A statewide vote to allow more widespread rent control could have big implications for San Diego County if it passes.
The effort, led by tenants rights groups and bankrolled by Los Angeles HIV/AIDS activist Michael Weinstein, qualified for the Nov. 6 ballot in June.
If approved by voters, the initiative would repeal a 1995 law that limited county and city governments’ ability to slow rent hikes. Even if it passes, it would still be up to local lawmakers to approve rent control or approve citizens’ initiatives.
San Diego is one of the few big cities in California with no form of rent control, unlike San Francisco, Berkeley and Los Angeles.
Alan Gin, an economist at the University of San Diego, said rent limitations may help some people but it could result in less housing being built, something desperately needed in the state.
“Housing prices have gotten way out of hand in California,” he said. “Even though I don’t think (rent control) will work, I can understand people’s frustration.”
Economists typically argue that rent control will lead to a reduction in the quality and quantity of housing available. But, that hasn’t stopped frustrated renters in San Diego and the rest of California from taking action.

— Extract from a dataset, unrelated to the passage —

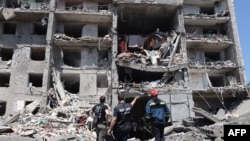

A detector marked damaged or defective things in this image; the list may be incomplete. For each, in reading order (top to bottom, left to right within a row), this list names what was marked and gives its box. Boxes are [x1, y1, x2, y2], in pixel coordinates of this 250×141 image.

The average San Diego County rent in March was $1,887, pushed up by an influx of new, high-end apartments downtown, said MarketPointe Realty Advisors. It has increased 8 percent in a year.
A local organizer for Prop 10, Paola Martinez, said low-income Californians are struggling to survive. She said arguments that rent control would slow housing production are hard to stomach for low-income renters.

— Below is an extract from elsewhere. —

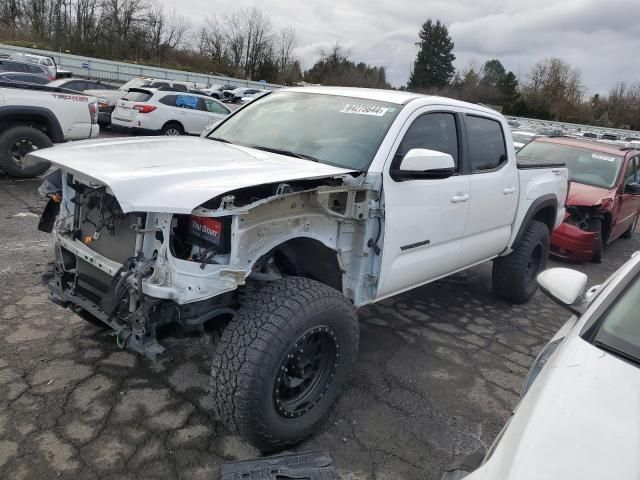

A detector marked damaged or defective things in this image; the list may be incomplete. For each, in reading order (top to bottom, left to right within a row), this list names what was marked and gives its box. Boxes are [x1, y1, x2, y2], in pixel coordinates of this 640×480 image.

“Housing is being created, it’s just not the type of housing we need,” she said of new residential projects. “We are not building affordable housing.”
One of the most common arguments against rent control is that if a landlord knows they can’t charge more, they won’t fix up the apartment. Try telling that to a San Diego renter, Martinez said.

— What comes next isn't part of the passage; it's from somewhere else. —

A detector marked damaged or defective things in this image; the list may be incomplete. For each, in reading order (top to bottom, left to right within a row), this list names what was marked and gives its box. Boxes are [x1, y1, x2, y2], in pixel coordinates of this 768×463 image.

“Even without rent control, those issues are still there,” she said. “We’re seeing increases of rent at a super high rate in pretty deplorable conditions, uninhabitable conditions. Their landlords aren’t making any repairs, even when they are increasing the rent.”
Prop. 10 would repeal the Costa-Hawkins Rental Housing Act, which bans cities and counties from capping rent increases on apartments built after 1995. If passed, it means new apartment buildings that are being constructed downtown could be subject to the law. The act also prevents rent control on single-family homes.
Martinez is director of the San Diego chapter of the Alliance of Californians for Community Empowerment, which is also part of a coalition of community groups in National City that began gathering signatures in March for its own rent control measure.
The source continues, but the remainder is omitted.